=== Extracted records ===
[Start of section]
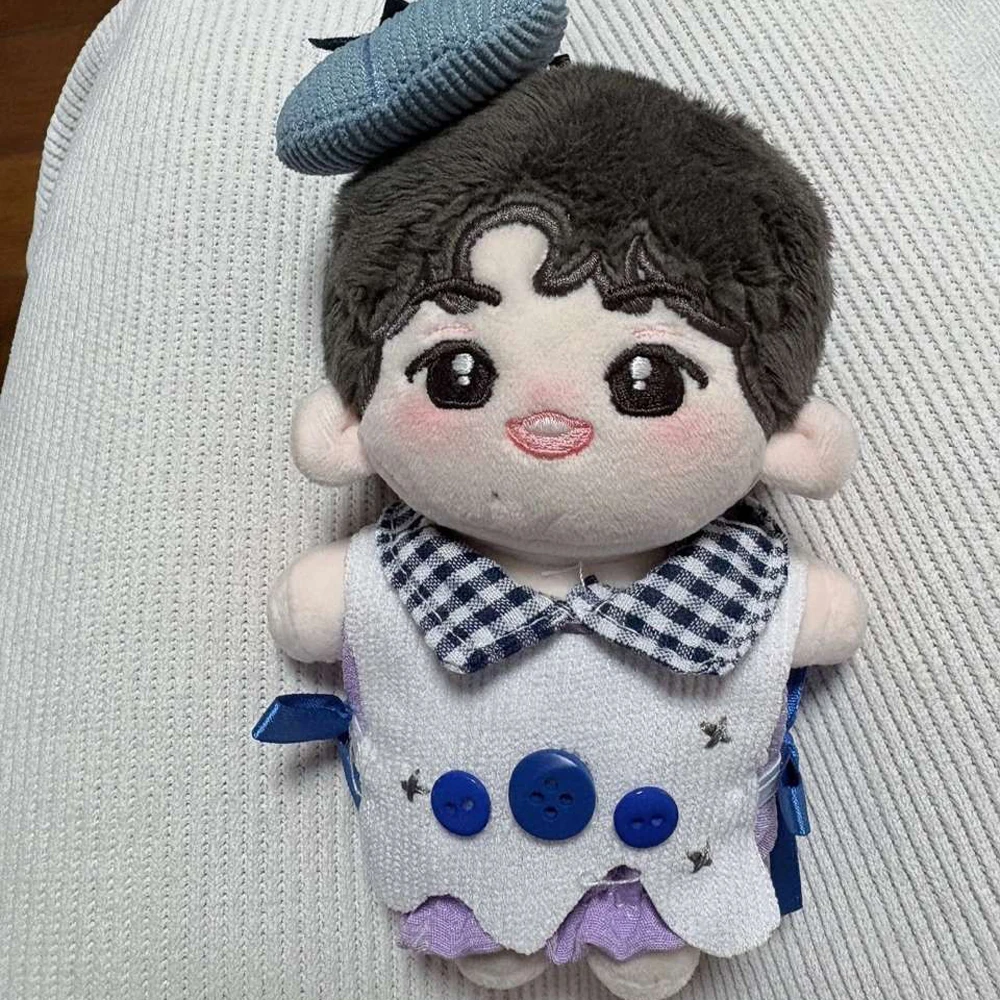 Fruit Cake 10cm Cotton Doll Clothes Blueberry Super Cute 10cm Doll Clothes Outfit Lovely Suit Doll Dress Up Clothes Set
[End of section]
[Start of section]
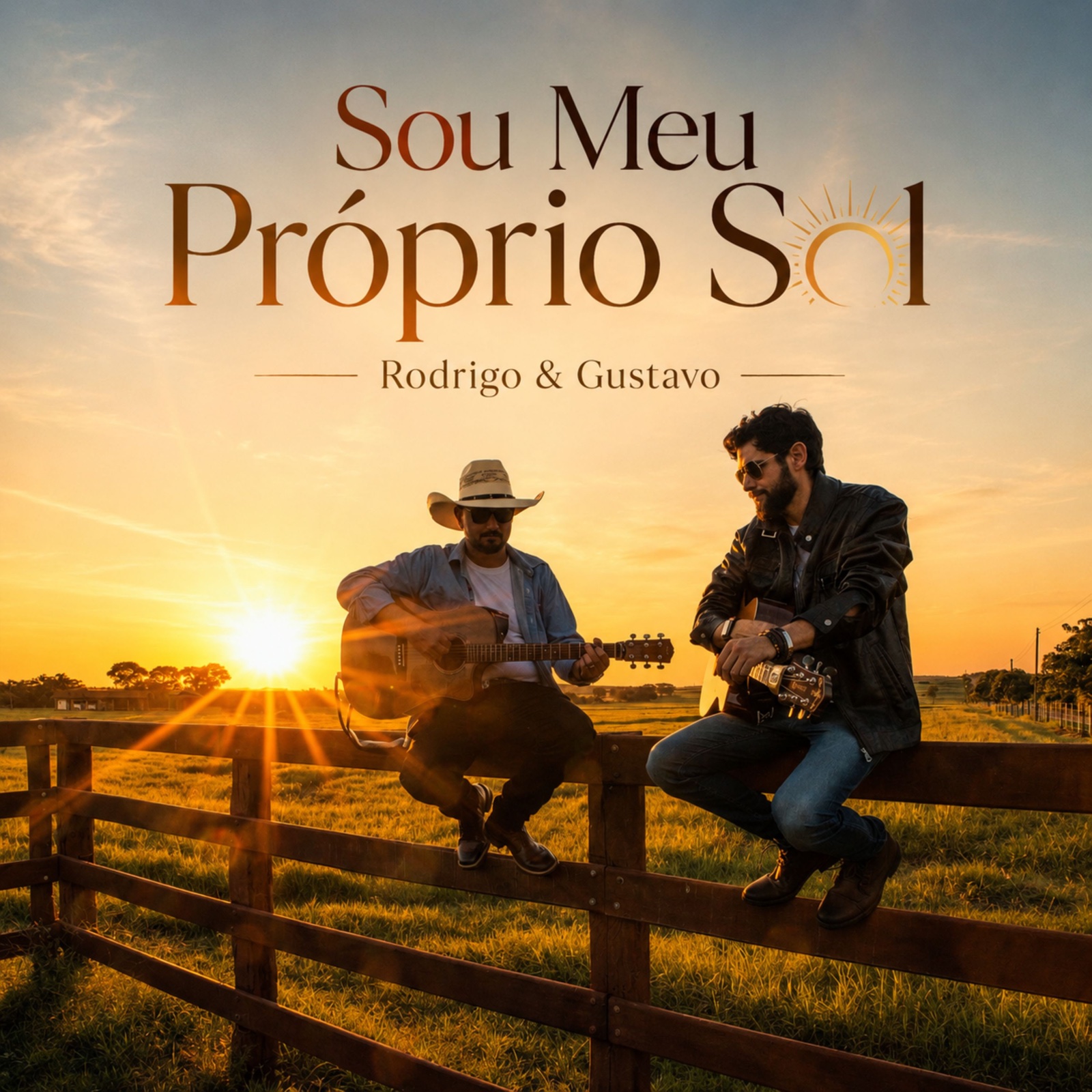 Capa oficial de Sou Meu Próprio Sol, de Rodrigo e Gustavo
[End of section]
[Start of section]
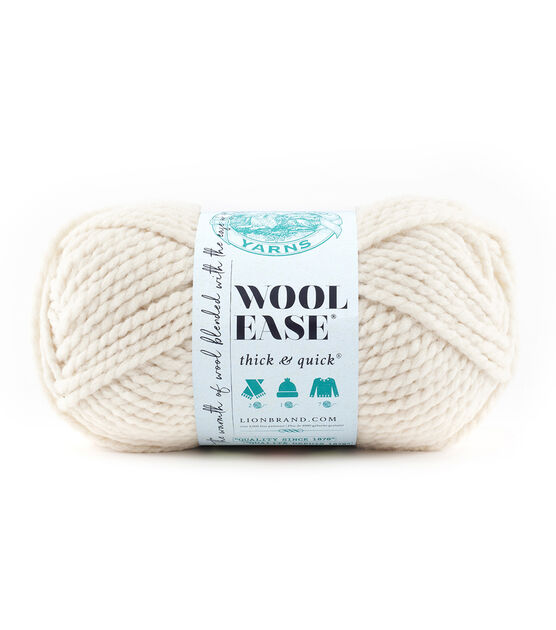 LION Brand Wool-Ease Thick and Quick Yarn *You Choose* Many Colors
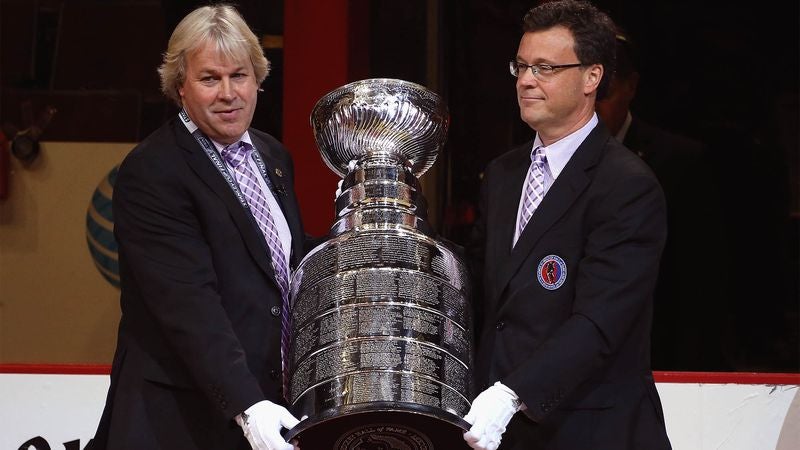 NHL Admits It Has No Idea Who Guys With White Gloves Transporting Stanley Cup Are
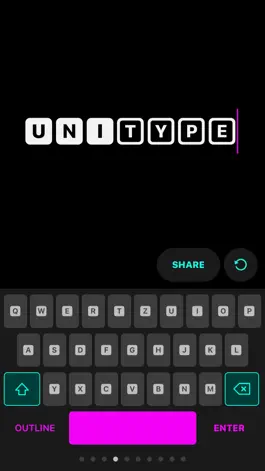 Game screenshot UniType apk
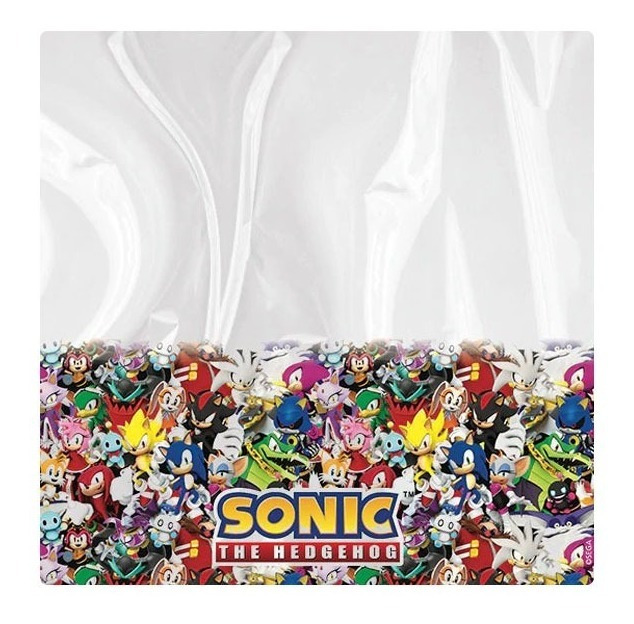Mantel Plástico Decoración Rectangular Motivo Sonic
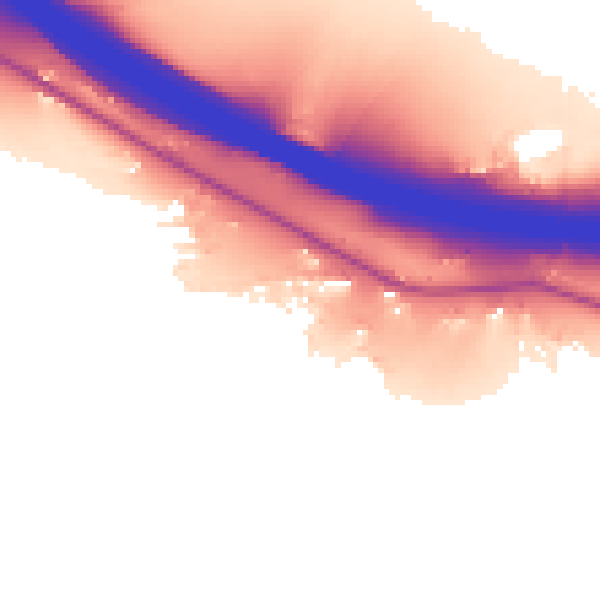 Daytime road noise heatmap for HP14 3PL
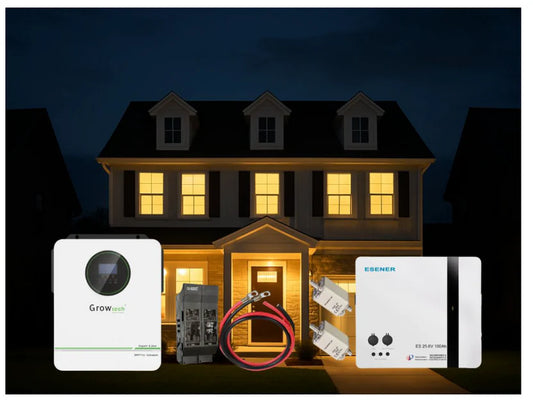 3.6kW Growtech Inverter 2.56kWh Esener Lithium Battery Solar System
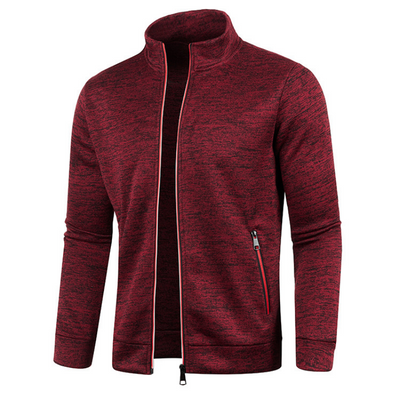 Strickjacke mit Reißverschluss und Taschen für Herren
[End of section]
=== Instructions to follow ===
With pictures excluded, reproduce exactly the lines above from the one containing "3.6kW Growtech Inverter" down to the one containing "Strickjacke mit Reißverschluss", those two included.

=== Answer box ===
 3.6kW Growtech Inverter 2.56kWh Esener Lithium Battery Solar System
 Strickjacke mit Reißverschluss und Taschen für Herren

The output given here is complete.